CRAIGforCONGRESS

Missouri's 7th District, U.S. House of Representatives

  
 

 

 

Congressional Issues 2010
GOVERNMENT REGULATION
Enron!



Congress should:
  • not use the Enron scandal as an excuse to clamp down on the Free Market with more government regulation.
  • not use the Enron scandal as an excuse to deny freedom to Americans to plan their own retirements.

Enron employees took the advice of Enron executives and invested all their retirement funds in Enron stock, not knowing that Enron executives had "cooked" the books and covered up imminent collapse.

If we abolished the government monopoly on education, we would have competitive schools raising the standard of competence in each new generation of Americans. Not only would students learn how to read and write, they would learn the rudiments of the adult world, such as never invest your entire retirement portfolio in one single stock. Enron employees were victims of the government -- an education monopoly which leaves most graduates unable to read an investment prospectus, and unable to think competently for themselves.

Abolishing the government education monopoly would also leave parents free to send their children to schools which taught respect for "the Laws of Nature and of Nature's God," which would dramatically reduce the number of businessmen ripping people off and cooking books. America's Founding Fathers warned in the strongest terms against strengthening the government while weakening the influence of religion and morality, which is exactly what the federal government has been doing for the last 60 years.

Enron's spectacular rise to profit is largely a creation of the government. Enron dealt in provision of electricity, a government monopoly without the usual competition and public accountability found in deregulated industries. Enron worked not only with U.S. governments, but with the governments of India and other Asian nations. U.S. involvement in Afghanistan may have been in part a plan to bail out Enron's failures in Asia, as Enron had many strings to pull in U.S. government.


The Government is more Corrupt than Enron

Foundation for Economic Education

Enron and Social Security

Doesn't the Enron scandal show the dangers of privatizing Social Security? No.

A recent poll indicates that a majority of Americans believe they could do a better job of balancing the government budget than the government does. The government does not seem to be bound by the ordinary budgetary considerations that ordinary families have to live by.
"Lawmakers realize the importance of honesty in accounting, so they have established clear accounting guidelines for others to follow. However, they, themselves, go by a much more relaxed standard. If a businessman were to go by the standards lawmakers apply to themselves, he would wind up in jail." So writes Ken Connor in HUMAN EVENTS ONLINE - Congress Is Beating Enron at Its Own Game.

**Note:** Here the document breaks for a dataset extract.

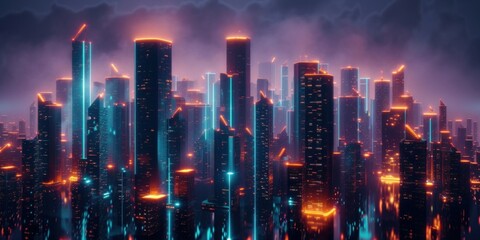 Fototapeta premium Neon Lights Illuminate a Futuristic Skyline at Dusk in a Modern Cityscape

Consider this op-ed from the Los Angeles Times in June of last year:

     Here's what California Atty. Gen. Bill Lockyer said at a press conference about Enron Corp. Chairman Kenneth Lay: "I would love to personally escort Lay to an 8-by-10 cell that he could share with a tattooed dude who says, 'Hi, my name is Spike, honey.'"
     Here's why Lockyer should be removed from his office of public trust: First, because as the chief law enforcement officer of the largest state in the nation, he not only has admitted that rape is a regular feature of the state's prison system, but also that he considers rape a part of the punishment he can inflict on others.
     Second, because he has publicly stated that he would like to personally arrange the rape of a Texas businessman who has not even been charged with any illegal behavior.
     Lockyer's remarks reveal him to be an authoritarian thug, someone wholly unsuited to holding an office of public trust.
     But his remarks do have one positive merit: They tell us what criminal penalties really entail.
     Contrary to some depictions of prisons as country clubs, they are violent and terrible places.
Tom G. Palmer, 'Hi, My Name Isn't Justice, Honey,' and Shame on Lockyer, L.A. Times, Wednesday, June 6, 2001

Businessmen have only persuasion as a weapon. Government has the power of the sword. Lord Acton said, "Power tends to corrupt." Government power-holders become less and less accountable, less hesitant to use their power, even against those who have done no wrong or those who have not yet been convicted by a jury of their peers of wrongdoing.

This is why monetary power in the hands of Enron executives is less harmful that political power in the hands of bureaucrats and politicians.